In the midst of things, I clung to anything that made me feel better.  I watched every episode of Parks and Rec and then moved on to The Unbreakable Kimmy Schmidt because I needed something to laugh at. I celebrated with my kids every time a teacher said something good about either one of them, which happened a lot.  I picked up some good books to read, and purged a lot of books from my shelf that I realized I was never going to read.  I even started a new job, something that felt risky in a time of emotional crisis, but it turned out to be the exact thing I needed because it's both challenging and rewarding.
I also got a huge reality check when someone who lives near me told me about a woman, an immigrant and mother of several children, she frequently sees going through the neighborhood trash cans for food.  I mean, this is South Minneapolis, where people drink craft beer and grow heirloom tomatoes and give money to public radio and run marathons, and we still have neighbors, hiding in the shadows, who are happy to get their hands on some past-expiration lettuce that was touching other garbage.  I haven't come across this woman myself, and I don't know her story, but knowing she's out there makes me appreciate how fortunate I am.  A lot of bad stuff can (and did) happen to my family but at least we always have shelter, food, and a support network.

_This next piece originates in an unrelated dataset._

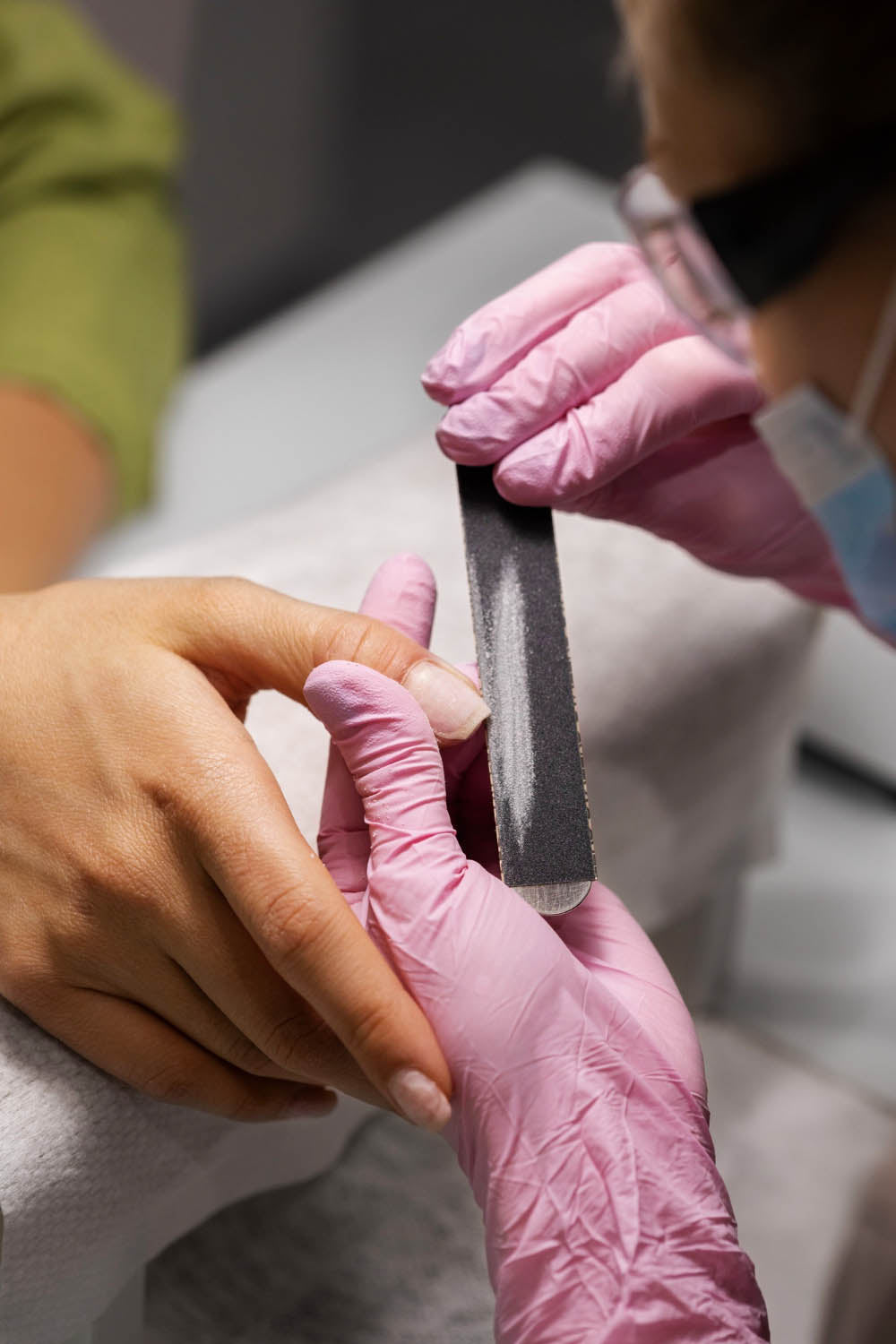A nail technician filing a client's nails.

There's a well-known quote by Regina Brett: "If we all threw our problems in a pile and saw everyone else's, we'd grab ours back."  It's true.  Losing a pet we had loved as part of our family was devastating, but I'm sure it's nothing like having no food on the dinner table day after day.  And even at some point during our string of bad luck, when I was moaning, "when is this all going to end?" the possibility was always out there, somewhere on the horizon, that it would end and things would go back to normal, though minus one Siamese.

I guess this kind of stuff happens to people regularly.  It's part of being an adult, and those who don't have to deal with periods of loss and frustration once in a while are just darn lucky.  Some people have much worse to contend with.  And others choose not to deal with it at all and find ways to temporarily escape the responsibilities life throws at them.  I feel a little bruised, but I toughed it out and I'm ready to move on.  Whew.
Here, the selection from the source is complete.